Village in Kurchaloyevsky District, Russia

Achereshki (Ачерешки, Ачаршка, Açarşka), also spelled as Achireshki, is a rural locality (a selo) in Kurchaloyevsky District, Chechnya.

== Administrative and municipal status ==
Municipally, Achereshki is incorporated into Regitinskoye rural settlement. It is one of four settlements included in it.

== Geography ==

Map of Kurchaloyevsky District. Achereshki (not shown) is near to Regita ("Регита")

Achereshki is located on the left bank of the Gums River. It is 17 km south-east of the town of Kurchaloy and is 57 km south-east of the city of Grozny.

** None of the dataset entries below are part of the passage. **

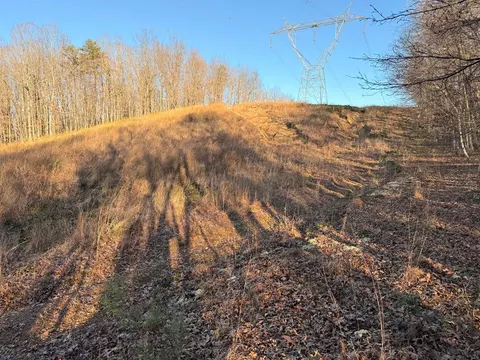 2156 Street Place Loop, Monterey, TN 38574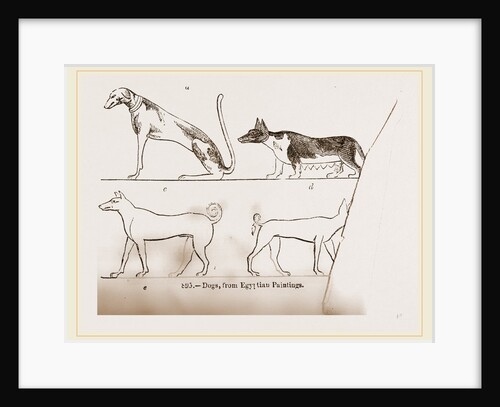 Dogs, from Egyptian paintings by Anonymous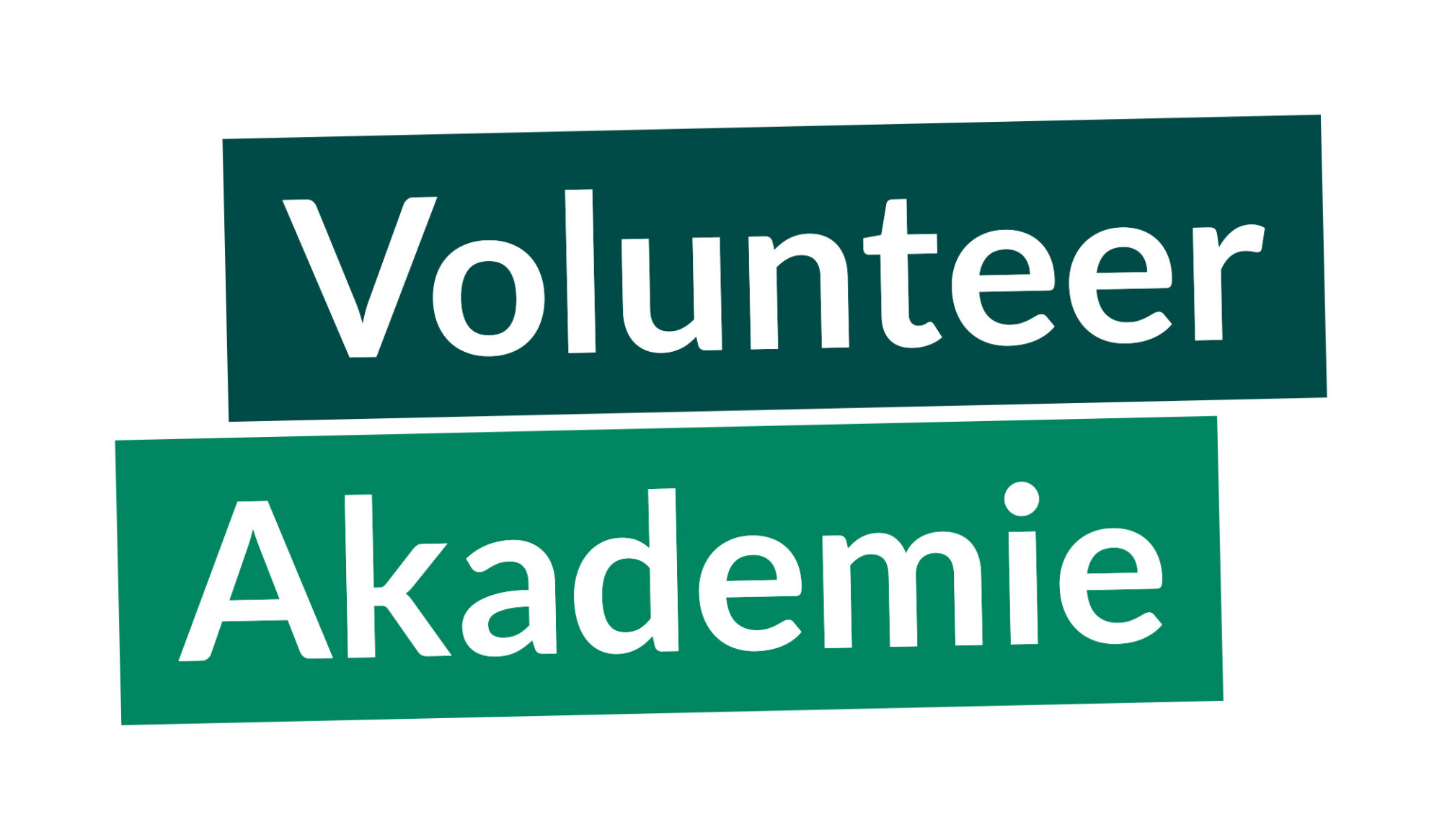 Logo Volunteer Akademie
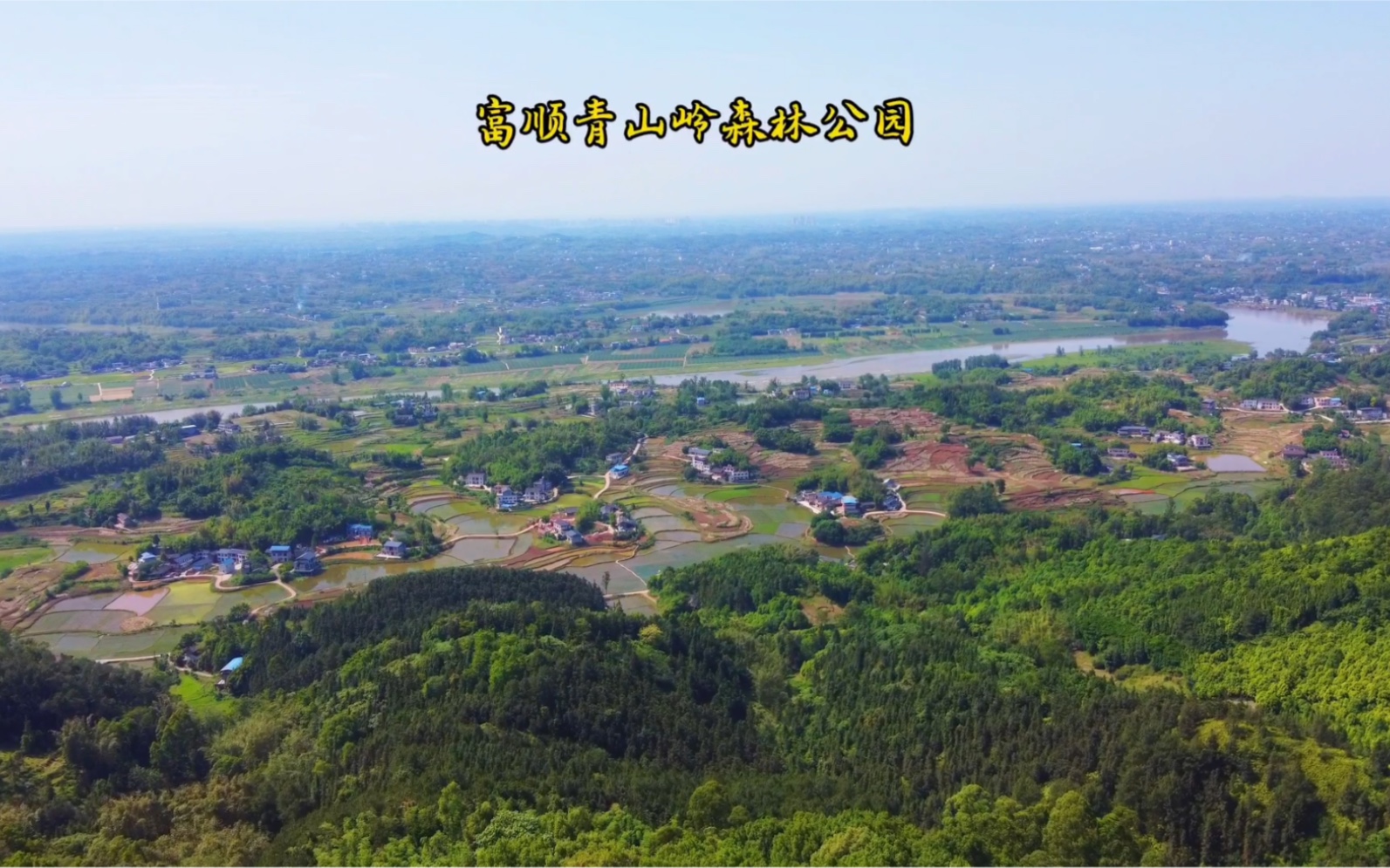 站在富顺县最高的地方告白之青山岭森林公园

The nearest settlements to Achireshki are Khidi-Khutor in the north, Koren-Benoy in the north-east, Enikali in the south-east, Guni in the south-west, Marzoy-Mokhk in the west, and Regita in the north-west.

== History ==
The exact date of Achereshki being founded is unknown, but it is presumed that it was approximately in 1810.

In 1944, after the genocide and deportation of the Chechen and Ingush people and the Chechen-Ingush ASSR was abolished, the village of Regita was renamed to Antsukh, and settled by Avars from the Georgian SSR.

In 1958, after the Vaynakh people returned and the Chechen-Ingush ASSR was restored, the village regained its old Chechen name, Achereshki. The Avar people were resettled back to the Georgian SSR, in the village of Tivi (Gurgin-Rosu).

== Population ==
- 1990 Census: 242
- 2002 Census: 482
- 2010 Census: 252
- 2019 estimate: ?

According to the results of the 2010 Census, the majority of residents of Achereshki were ethnic Chechens.